The author/editor of the Eureka Miner owns common shares of local mining stocks, McEwen Mining (MUX) and General Moly (GMO). Please do your own research, markets can turn on you faster than a feral cat.

Thursday, May 28, 2009

Where's the Duke When We Need Him?


Morning Miners!

It is 5:42 AM and we have a beautiful pink sky over Diamond Valley. Across the pond, spot silver prices just broke $15.00 at 13:42 London time with an impressive spike up. Exactly eight hours ahead in a land far away, something "unexpected" has occurred. What the tarnation is going on buckaroos? In the days of the Wild West, at least in the movies, our heroes like John Wayne would come in every once in awhile to clear the prairie of evil-doers and scalawags. Today, there are no shortage of scoundrels in financial markets and far too few heroes to set things straight.

Let's start with the word "unexpected". When used in the context of markets, especially bear markets, grab your Model 94 and take cover. Unexpected occurred yesterday when the 10-year Treasury Note yield jumped above 3.70%, a level last seen in November. So what? The 10-year note is key in setting mortgage and other consumer credit interest rates which the government has been working like the dickens to keep contained. The Fed has gone beyond cutting rates to directly purchasing such financial assets such as mortgage-backed securities, as well as printing new money to buy Treasury notes for the first time in half a century. Yikes!

All of this effort is to reflate housing and get us back on track economically. So who screwed up the plan yesterday? The Bond Vigilantes! Folks, I'm not making this up, that's what the group of investors are called on Wall Street that have declared war on Congress and the Federal Reserve's policy of flooding the world with dollars to beat the recession.

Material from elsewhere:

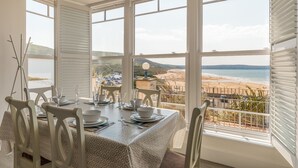 A dining area with a table set for four, large windows with a beach view, and a balcony with a railing. - 8 Hartland, sleeps 6 with sea view (Esplande, Woolacombe)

Yesterday, they flexed their muscles by bidding up yields on T-Notes which killed the recent rally in the stock market dropping the DOW 171 points. The ole Colonel is willing to bet this morning's pop in silver is a metallic reaction to the first shots fired in a financial range war. My problem is that I can't tell good guys from bad guys in this movie!

Let's keep track of this brouhaha and watch where interest rates (that affect you and me) go in the next month. Today's national averages (WSJ, 5/28/09):

Money Market 1.33%
5-year Bank CD 2.73%
30-yr mortgage, fixed 5.09%
15-yr mortgage, fixed 4.71%
New-car loan, 48-month 7.48%
Home-equity LOC, $30K 5.79%

The Report will compare these in June, stay tuned.

Enough talk, let's walk the walk:

Oil is up $0.40 to $63.85 (July contract); Gold is up $5.8 to $961.0 (August contract); COMEX Silver follows London Spot up $0.265 at $15.130 (July contract); Copper is up 0.0155 to $2.1365 (July contract); Molybdenum holds at $10.25.

The DOW is down 13.46 points to 8286.56; the S&P 500, down 0.49 points to 892.57. The miners are on fire:

Barrick (ABX) $36.93 up 2.44%
Newmont (NEM) $47.33 down 3.18%
General Moly (Eureka Moly, LLC) (GMO) $1.85 up 3.35%
Freeport McMoran (FCX) $51.11 up 2.37% (a bellwether mining stock spanning gold, copper & molybdenum)

Steel stocks are screaming (a "tell" for General Moly):

Nucor (NUE) $43.06 up 3.18% - domestic steel manufacturing
ArcelorMittal (MT) $32.36 up 5.54% - global steel producer
POSCO (PKX) $80.83 up 3.80%- South Korean integrated steel producer

The Eureka Miner's Grubstake Portfolio has gone in the black, up 2.18% to $1,002,795.13 for a gain of $2,795.13.